The Extraordinary Education of Nicholas Benedict Book Review

The Extraordinary Education of Nicholas Benedict by Trenton Lee Stewart

Nine-year-old Nicholas Benedict has a host of problems from being an orphan to a rather large and unfortunate nose. The worst by far though is his narcolepsy, which causes him to fall asleep any time he gets too excited, scared, or happy. At a new orphanage, Nicholas hopes he can change his image, but soon finds himself neck deep in a mystery that will tax his considerable genius-like abilities.

I have never read the Mysterious Benedict Society series, in which I can only assume the young Nicholas Benedict is either the patron of or very important to that story. So important that Trenton Lee Stewart found it necessary to provide the series' fans with a prequel. Having not read the series I thought a prequel would be the perfect place to begin. I was wrong.

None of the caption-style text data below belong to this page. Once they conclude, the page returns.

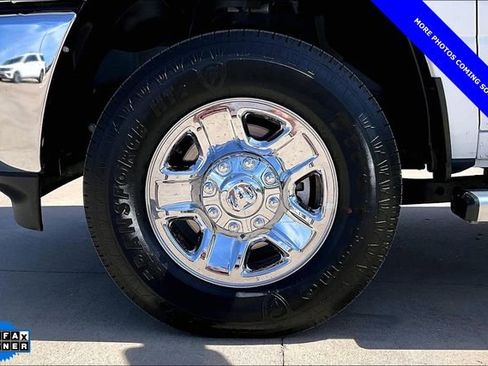 Used 2025 RAM 2500 Tradesman w/ Chrome Appearance Group image 9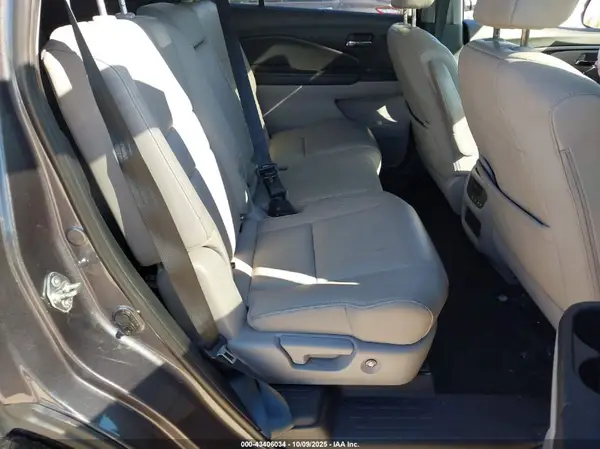 5FNYF6H59LB039566 2020 HONDA PILOT - Image 8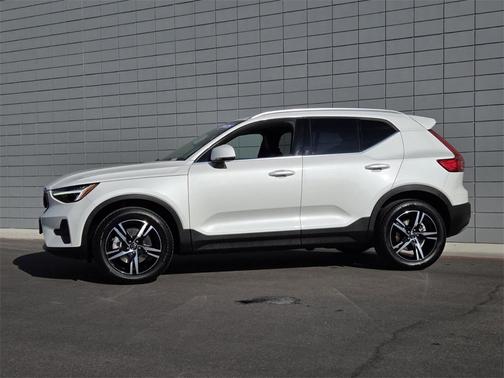 2025 Volvo XC40 B5 Core Bright Theme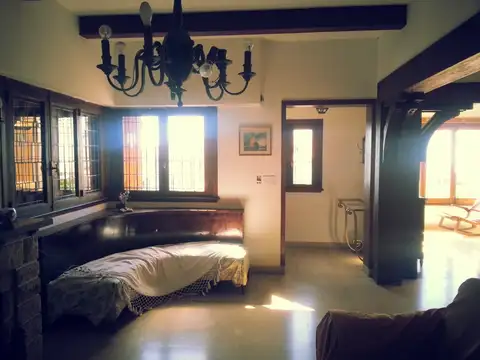 Chalet PARA 10 PERSONAS  NO AUTORIZA GRUPO DE JOVENES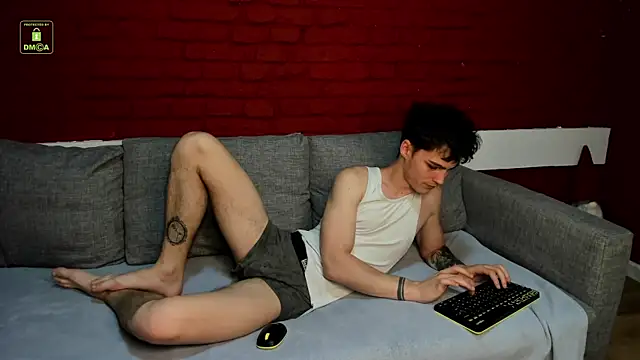 Snapshot of Adam_Porrter chatting on 06-20-26, 04:32 Adam Porrter online show from 06-20-26, 04:32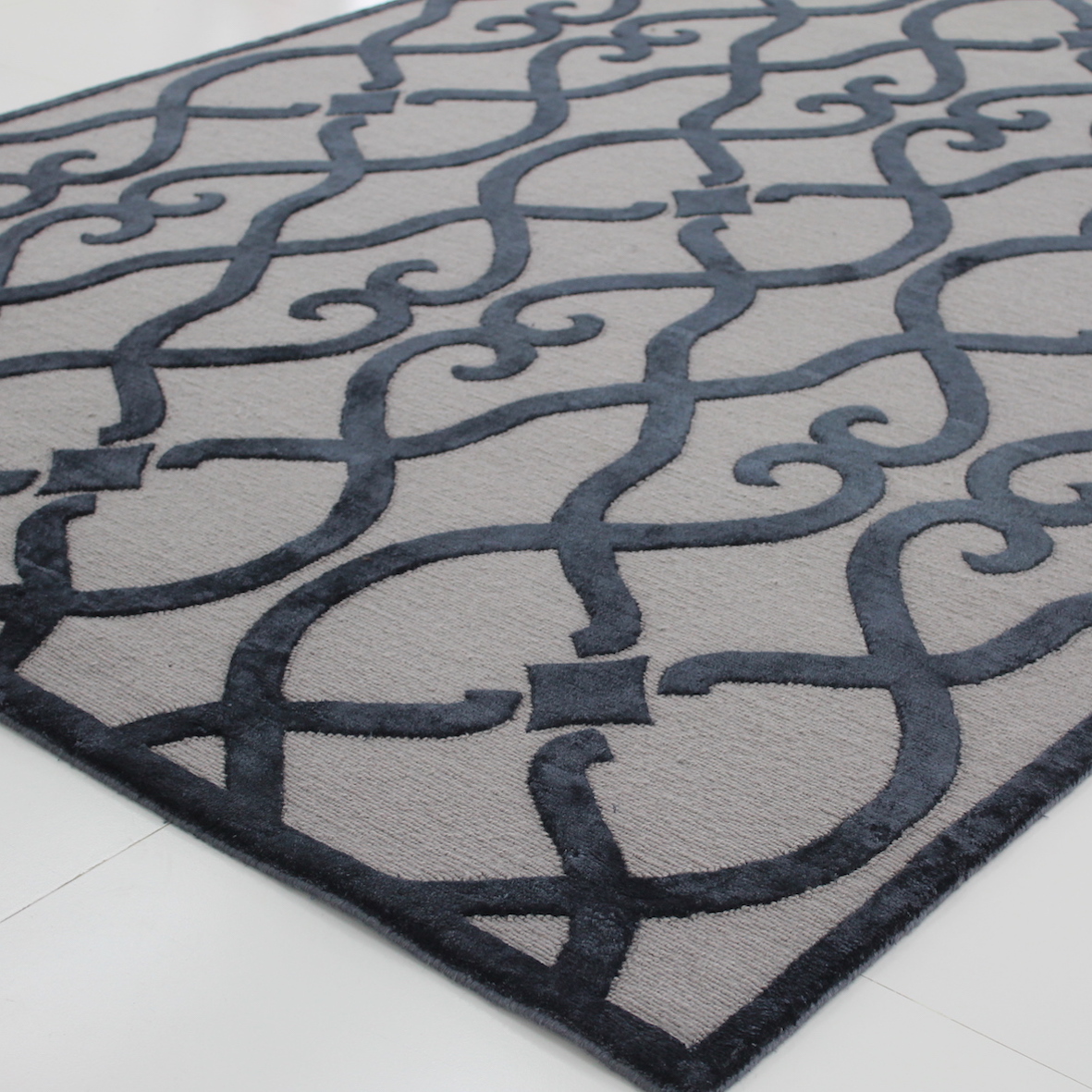 Classic charcoal rug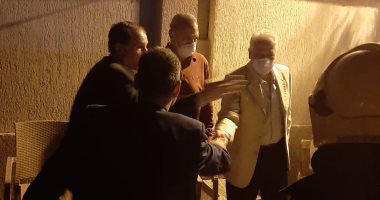 محافظ القليوبية ومدير الأمن يتفقدان موقع حريق مصنع الأسفنج بالعبور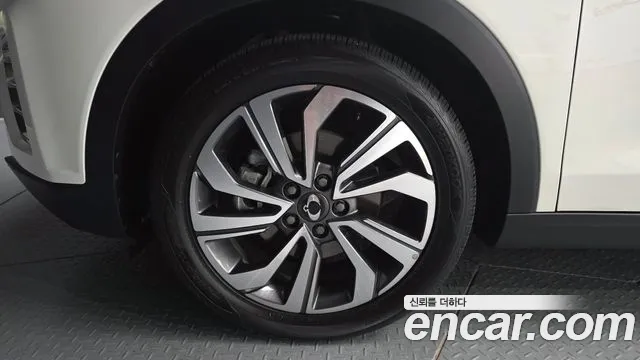 KGM Tivoli 2019 thumb 5
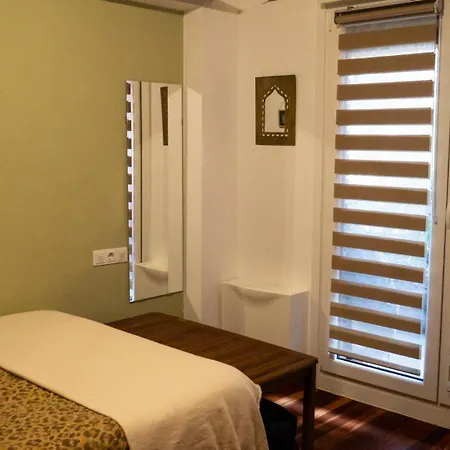 Apartman Spacious Cozy With Easy And Free Parking *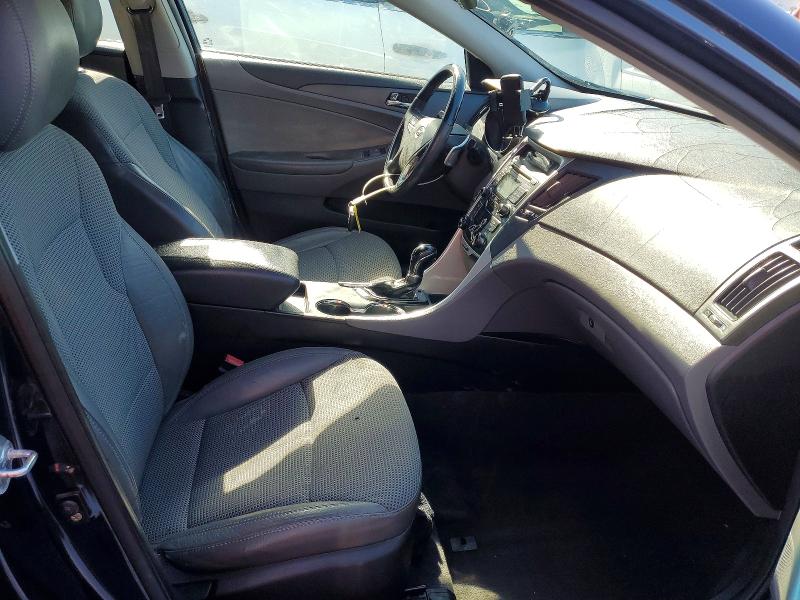 Photo 7 from auction – 2011 HYUNDAI SONATA SE with VIN 5NPEC4ACXBH124988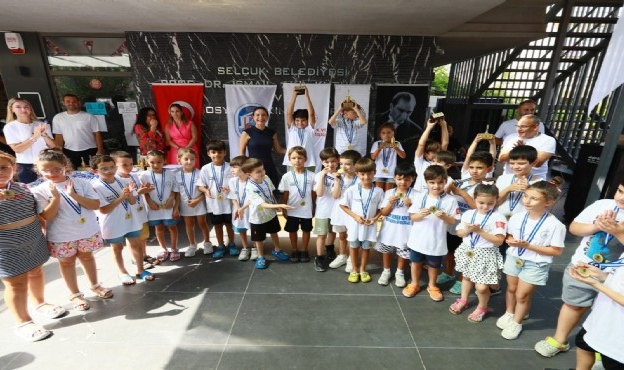 Selçuk&#039;ta satranç turnuvası sona erdi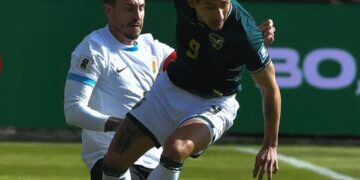 Víctor Ábrego supera a José María Giménez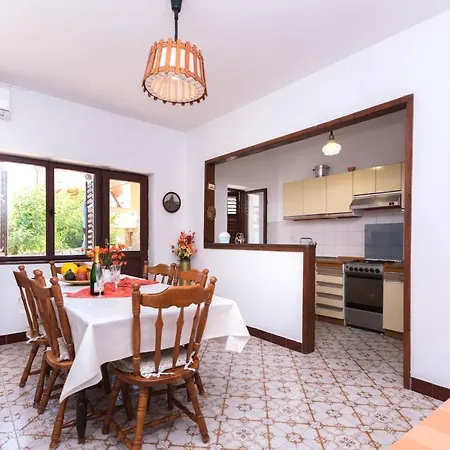 Apartment Salis *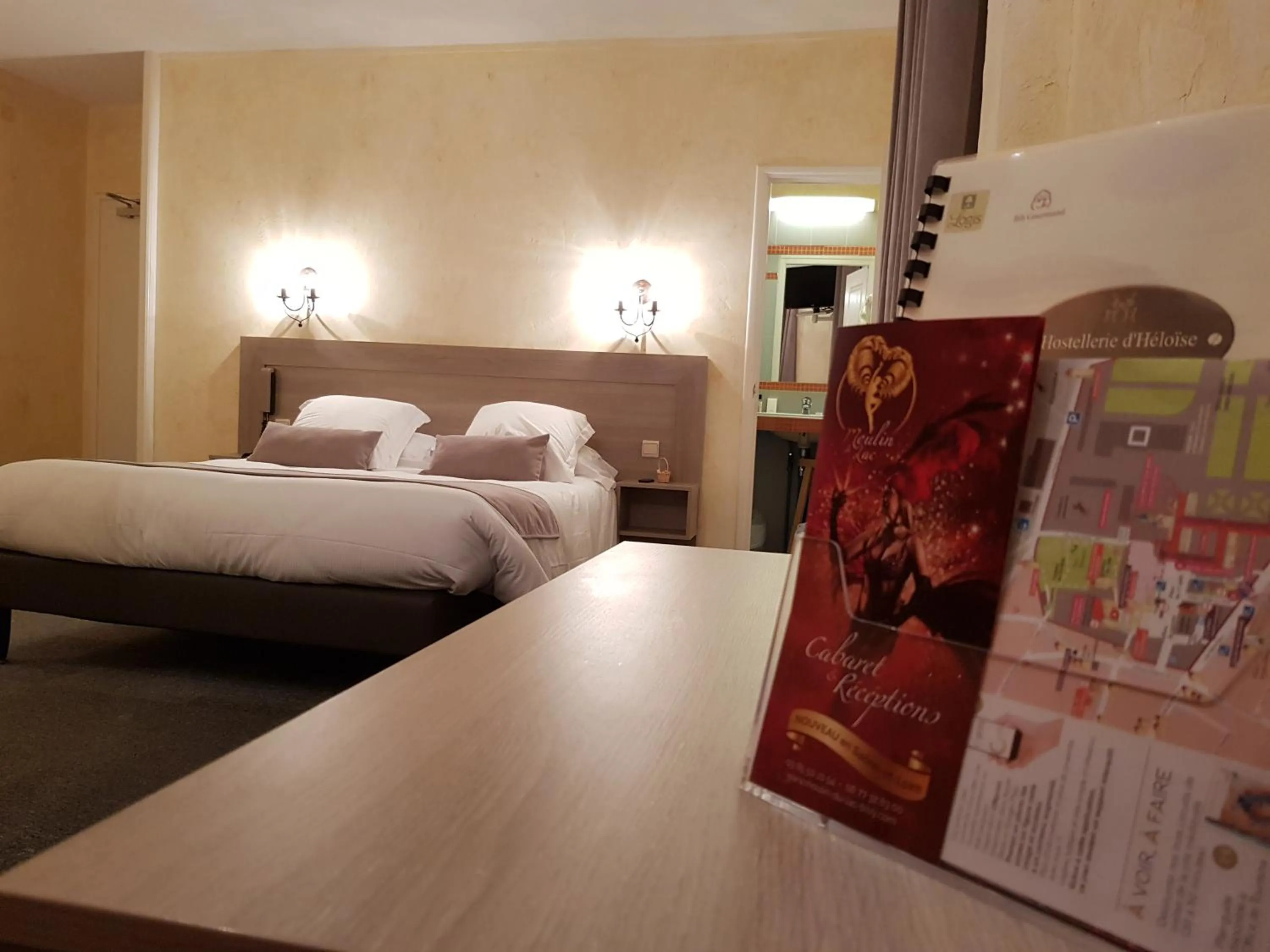 Bed in Hostellerie d'Héloïse Logis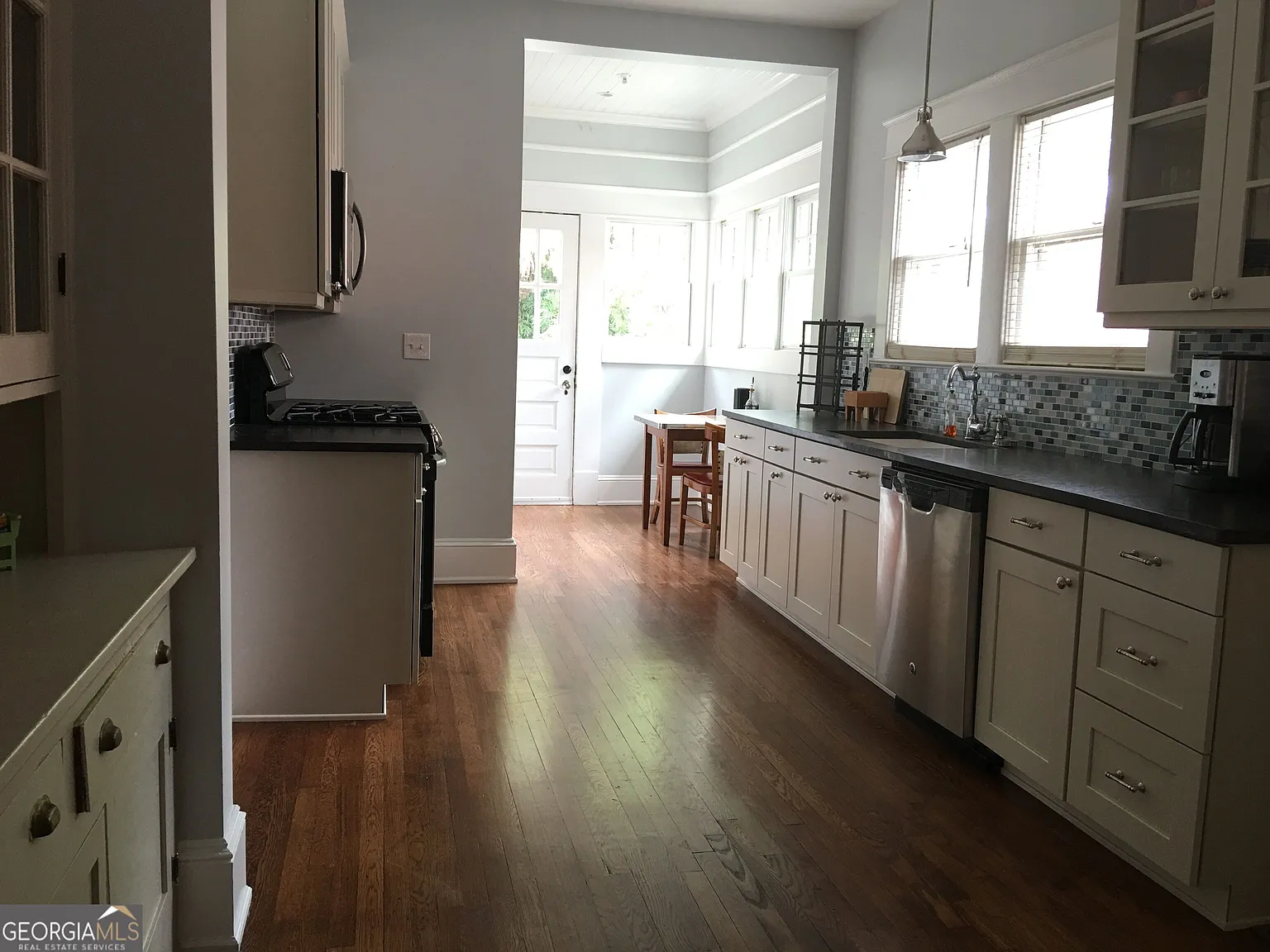 3 bed, 2.0 bath, 1800 sqft, $4,995 — Photo 3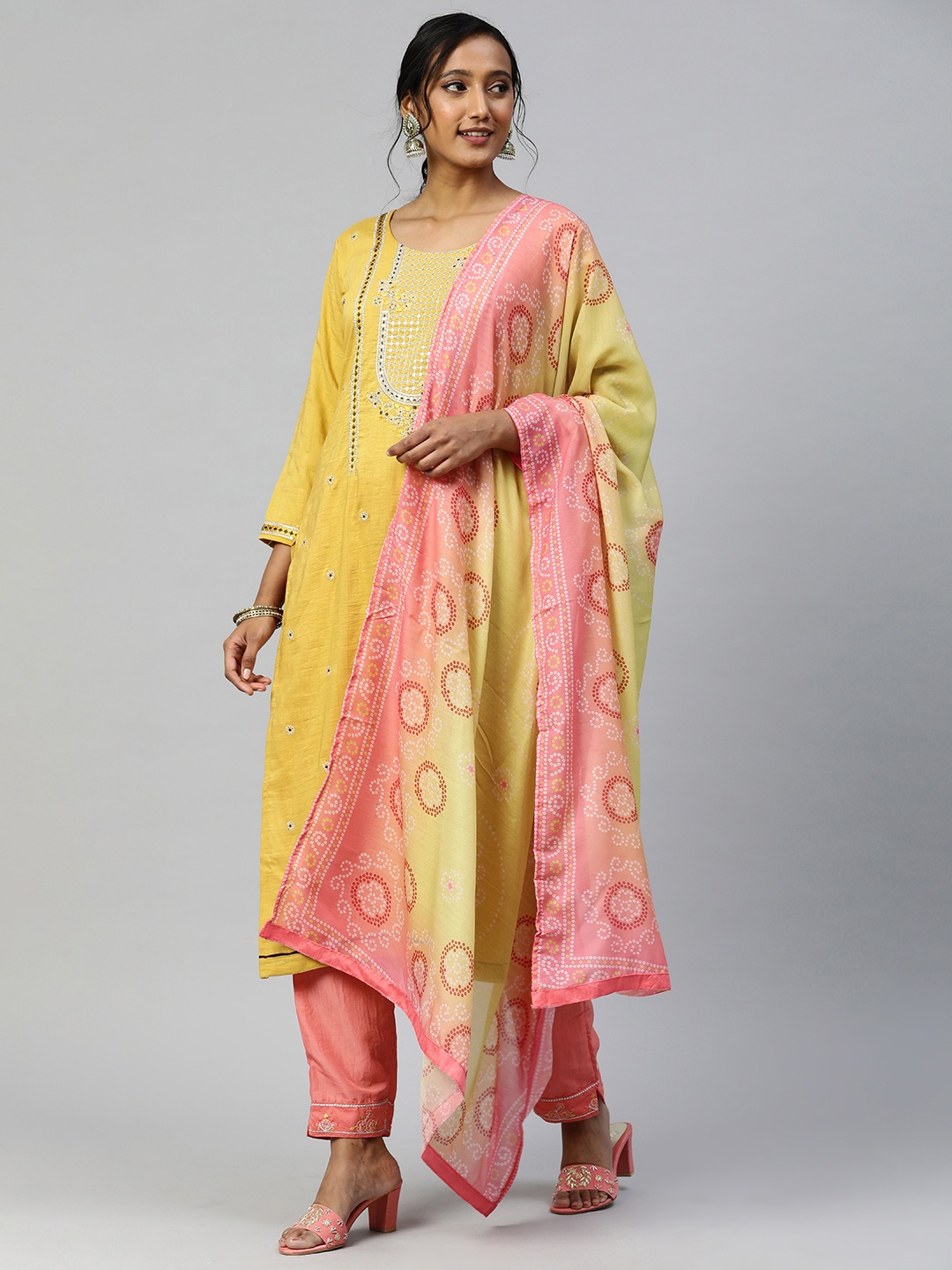SheWill Women Yellow Ethnic Motifs Embroidered Thread Work Kurta with Trousers & With Dupatta
SheWill Women Yellow Ethnic Motifs Embroidered Thread Work Kurta with Trousers & With Dupatta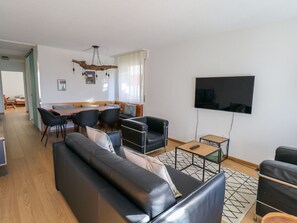 Furniture, Property, Television, Couch, Interior Design, Comfort, Wood, Flooring, Living Room, Hardwood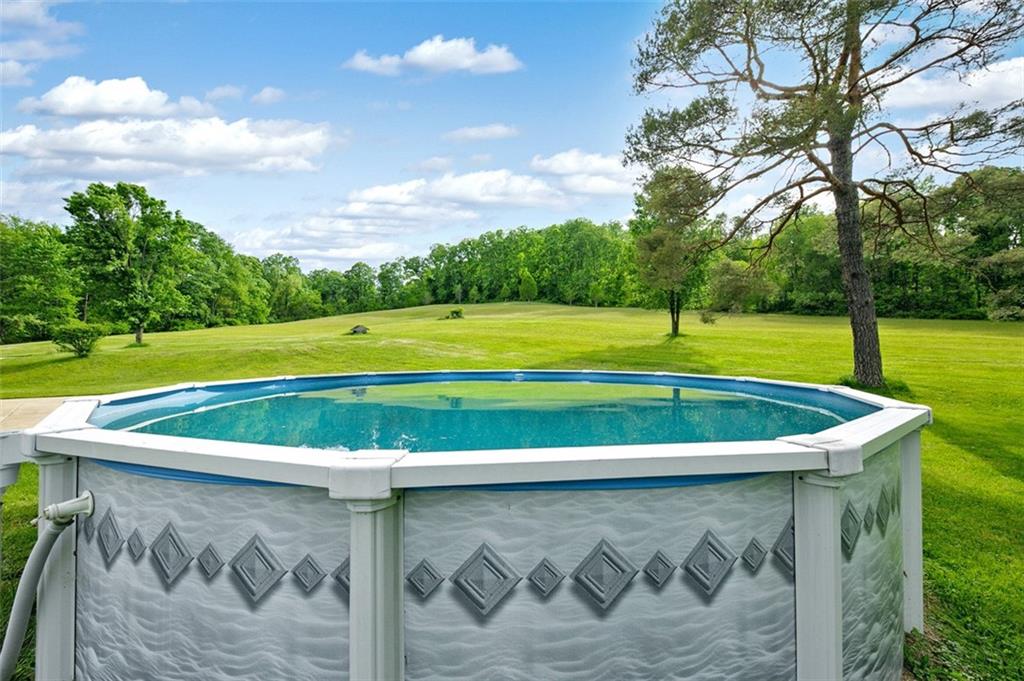 4948 Ashbaugh Road Murrysville, PA 15668 - Photo 45 of 48 Above ground pool 3 year old liner.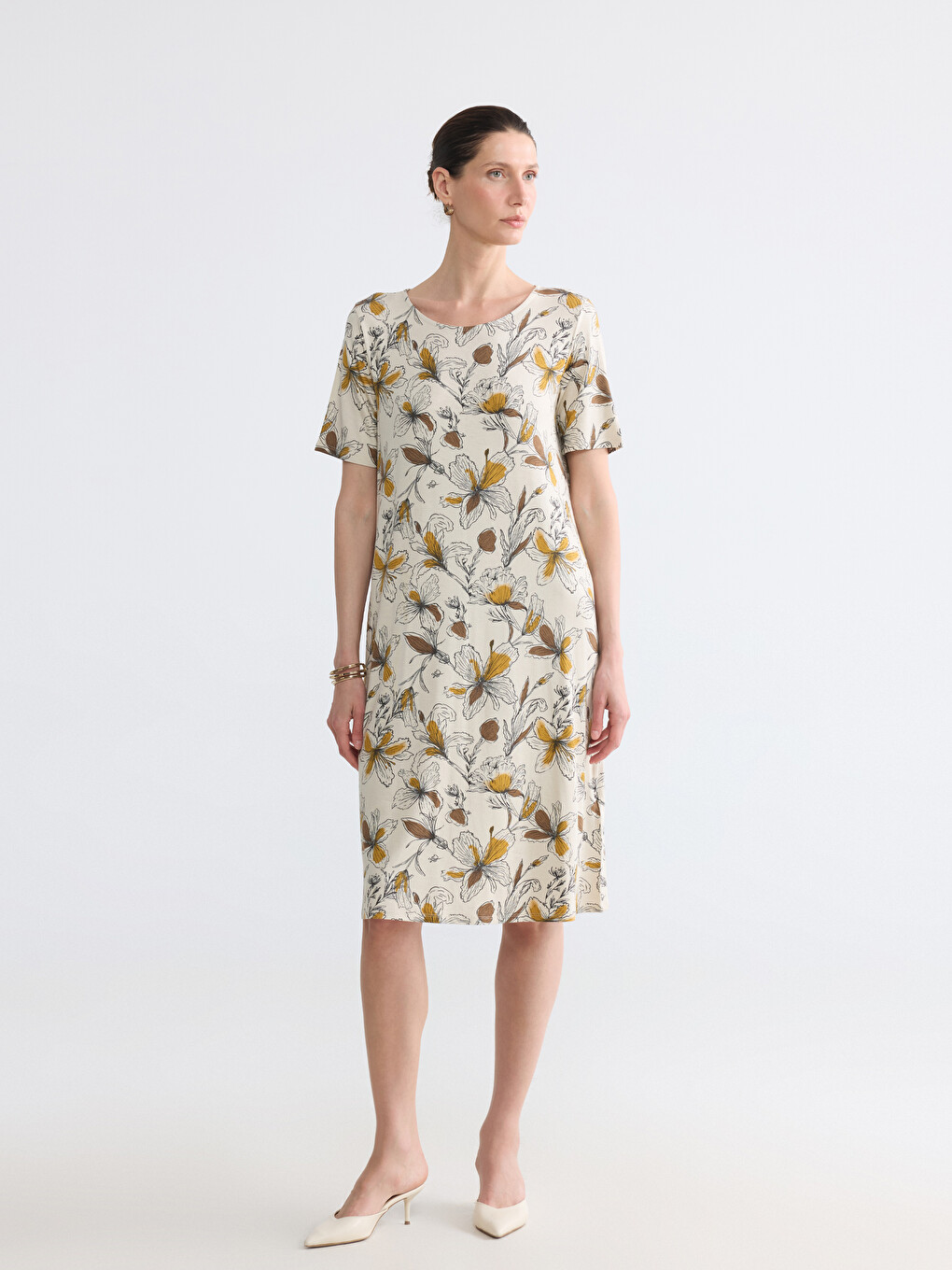 Rochie cu model cu guler rotund-1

Perhaps Nicholas Benedict is rather extraordinary in the series, but in this book I found him to be wholly unremarkable. His nemesis (plural), the Spiders, a gang of mean children at the orphanage, were so stupid that I believe any child with any sense could have dealt with them in some capacity. The adults were so naive and self-absorbed that Nicholas had as much freedom as he needed (and the author wanted) to solve a mystery. Of course, Nicholas did do a number of extraordinary things but his genius came off more as a plot contrivance. I mean, who learns sign language in one night? Are we reading a fantasy here?

There were of course the usual plot points: Orphan boy sent to new orphanage, hopes to make friends despite whatever disability he has (in this case narcolepsy), makes enemies with the resident bullies, director of orphanage is hiding something, and Nicholas (who is incredibly nosy) invades someones privacy sure that the adults plan on using a lost treasure for personal gain. Oh and don't forget, Nicholas somehow knows how to solve all of the orphanages financial woes better than any of the adults in the story, for no adult is as smart as he.

Now, I know this is a children's story and as you are all well aware and I am not remotely upset with children going off and having adventures. The problem with it was that it felt so much like a fantasy that I had a hard time seeing young Nicholas as anything more than a plot device.

Full of exposition and floundering towards the end, the story simply felt bloated by Nicholas' own importance, as if the author really wanted the reader to understand what an awesome person this kid will be someday. I wasn't convinced.